Waterway Debris Being Identified After Sandy [AUDIO]
The Department of Transportation is surveying the waterways to help rid the debris and silt washed in from Superstorm Sandy.
Since January, the DOT has been working with construction and engineering management firm Parsons Brinckerhoff to conduct a survey of all the state channels. The survey's goal is to identify debris and silt deposits in channels that are commonly used by boaters.
"This isn't the main channels down the middle of the bay," says DOT spokesman Joe Dee. "This is the channels that lead from the main channels to the lagoons, marinas, etc that boaters use."
The survey work started February and Dee says to date of the 200 nautical miles of bay channels affected by the storm, roughly sixty percent have been surveyed.
"What we're finding is trees, branches, household items, significant sand and silt deposits, and we have come across two sunken boats."

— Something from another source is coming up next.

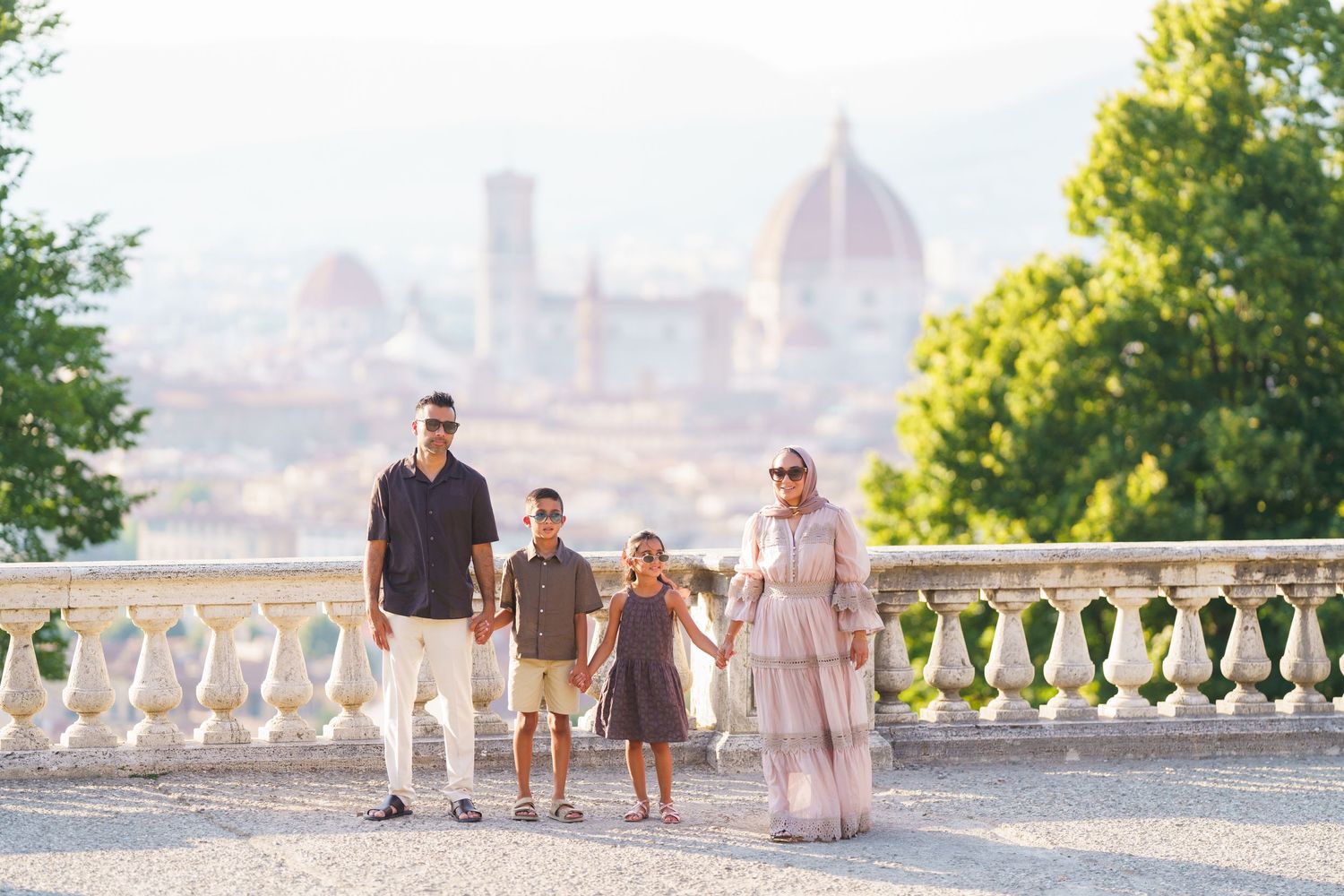 Family of four posing on a terrace in Florence, Italy, with the iconic Duomo cathedral visible in the background.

Since March 1st, 177 debris locations have been identified.
Assessments of the channels in Ocean County have been completed and Dee says currently assessments of Middlesex and Monmouth Counties are under way.
"After we finish up there we turn our attention to the channels in the waterways of Burlington, Atlantic, and Cape May Counties."
Though the DOT is leading the survey, the Department of Environmental Protection will be leading the charge in dredging the waters and removing debris.